I think that's one of the most interesting aspects of working in pastry.  You pretty much have to be a calculating person who's always wondering what happens if...  What happens if you change the oven temperature?  What happens if you add a little more butter?  What happens if you accidentally forgot the sugar?  My mind cycles through all of these scenarios all the time and there's always a weird scrap of paper lying around with an untitled recipe on it and odd notes like, "NEED MORE CRISPY.  BUTTER??"

I consider myself part of the microwave generation - I grew up in an era where your microwave dinner can be cooked in a few minutes.  Due to the store opening coming up, the impatient itch has been worse than ever and I will be in the kitchen all day because I cannot sleep until I have mastered whatever it is that I am after that day.  I keep thinking about what to do next and I am so impatient about waiting for it to all happen.  The worst is when I get so impatient that I ruin it at the last step.  I do that a lot.

It's important to always be on your feet.  I want to be able to stand behind our product.  There's always that whole greener pastures thing and I wonder if where I'm at is good enough.  I may have a great recipe, but it doesn't stop me from wondering if it could get better by tweaking it a little.  That's what happened with our pistachio macaron.  When we first unveiled our pistachio, I thought it was pretty good.  But I changed it like 4 times in the middle of our busiest season (December!) until I finally found one that I was happy with.  It's incredibly expensive to make compared with our previous version and uses 3 different pistachio products to get to the right flavor, but I'm much happier with it.

Now that we're expanding, it means I'm testing out new recipes - beyond macarons.  I sit down some nights with four books open around me so I can compare recipes and figure out what exactly I'm looking for.  It's a lot of fun to try something new, but also very frustrating when you know what you want, but don't know how to get there.  Often, I find myself turning to some of my more technical baking books and google to figure out if anyone else has mastered the same problem I have.  Sometimes I find myself baking 6 batches of brownies in all the various pans I have in my house only to find that there's one with the right flavor, but wrong texture and then have to test it again with varying amounts of batter to find out which thickness is the right one or which oven time is right.  There are just so many variables and you have to keep trying in order to have something you're proud of.  It's all worth it in the end for the moment you taste something for the first time and say to yourself, "This is it."

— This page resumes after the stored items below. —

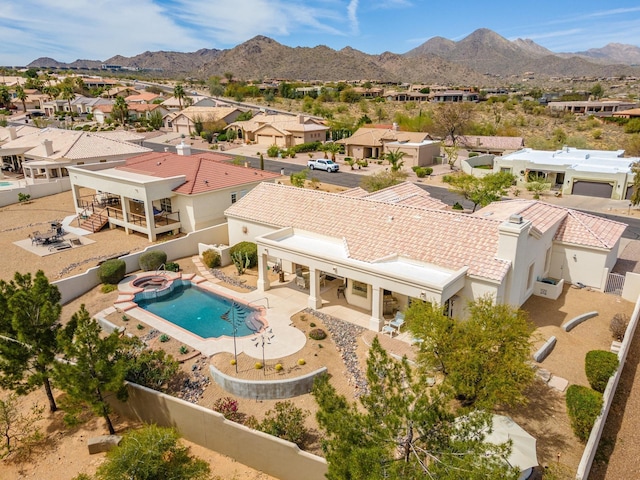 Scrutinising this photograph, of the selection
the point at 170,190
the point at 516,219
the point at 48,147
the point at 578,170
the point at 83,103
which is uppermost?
the point at 83,103

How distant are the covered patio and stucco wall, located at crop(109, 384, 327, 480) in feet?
30.0

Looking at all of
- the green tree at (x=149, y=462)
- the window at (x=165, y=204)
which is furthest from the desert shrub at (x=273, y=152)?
the green tree at (x=149, y=462)

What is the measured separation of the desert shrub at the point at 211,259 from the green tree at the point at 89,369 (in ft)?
50.9

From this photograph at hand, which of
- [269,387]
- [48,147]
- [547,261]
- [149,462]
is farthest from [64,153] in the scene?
[547,261]

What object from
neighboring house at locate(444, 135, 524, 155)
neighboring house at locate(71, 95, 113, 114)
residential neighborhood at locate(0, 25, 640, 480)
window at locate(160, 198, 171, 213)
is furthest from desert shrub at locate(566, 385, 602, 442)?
neighboring house at locate(71, 95, 113, 114)

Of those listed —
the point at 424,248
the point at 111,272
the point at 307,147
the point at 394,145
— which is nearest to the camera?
the point at 424,248

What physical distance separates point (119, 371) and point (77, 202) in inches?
1200

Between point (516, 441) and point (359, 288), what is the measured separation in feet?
43.4

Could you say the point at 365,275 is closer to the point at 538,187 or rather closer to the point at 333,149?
the point at 538,187

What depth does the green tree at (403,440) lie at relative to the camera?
9320mm

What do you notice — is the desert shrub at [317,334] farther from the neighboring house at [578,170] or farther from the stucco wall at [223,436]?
the neighboring house at [578,170]

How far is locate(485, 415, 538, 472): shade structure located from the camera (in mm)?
12586

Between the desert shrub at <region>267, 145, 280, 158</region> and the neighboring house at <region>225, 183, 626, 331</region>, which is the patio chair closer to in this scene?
the neighboring house at <region>225, 183, 626, 331</region>

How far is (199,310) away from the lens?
25.9 metres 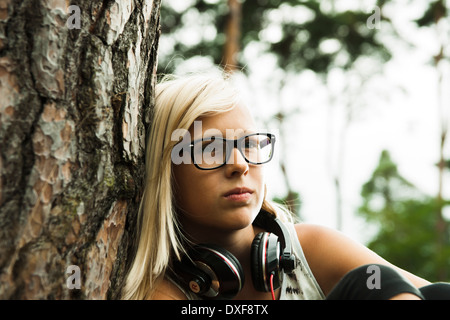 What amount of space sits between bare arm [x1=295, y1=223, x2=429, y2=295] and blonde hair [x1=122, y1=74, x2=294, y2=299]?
0.59 meters

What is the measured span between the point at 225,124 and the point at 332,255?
72 cm

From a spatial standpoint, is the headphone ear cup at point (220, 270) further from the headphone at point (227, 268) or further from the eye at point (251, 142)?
the eye at point (251, 142)

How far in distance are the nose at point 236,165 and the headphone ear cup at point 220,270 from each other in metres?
0.30

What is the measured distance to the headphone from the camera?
1704mm

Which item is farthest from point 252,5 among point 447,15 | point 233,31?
point 447,15

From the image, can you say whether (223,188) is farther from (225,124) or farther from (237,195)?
(225,124)

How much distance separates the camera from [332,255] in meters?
1.93

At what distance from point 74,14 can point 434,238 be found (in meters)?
13.3

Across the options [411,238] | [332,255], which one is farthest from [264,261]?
[411,238]

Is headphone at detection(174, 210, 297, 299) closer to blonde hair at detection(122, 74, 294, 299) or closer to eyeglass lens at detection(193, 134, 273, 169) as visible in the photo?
blonde hair at detection(122, 74, 294, 299)

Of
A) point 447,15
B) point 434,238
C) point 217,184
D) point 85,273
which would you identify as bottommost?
point 434,238

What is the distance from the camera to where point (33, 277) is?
130 cm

And that's when I type it up and put it in my recipe book.  It usually is "It" until I start to worry again and decide to tweak it four times before realizing the first one was just right. 

2 comments:

  1. Hi Christina! Great story and I am a bit of a macaron nut myself :). btw, a great guide about macaron making is The Macaron Master
    www.TheMacaronMaster.com - shows how to bake bakery-quality macarons - smooth and delicious too!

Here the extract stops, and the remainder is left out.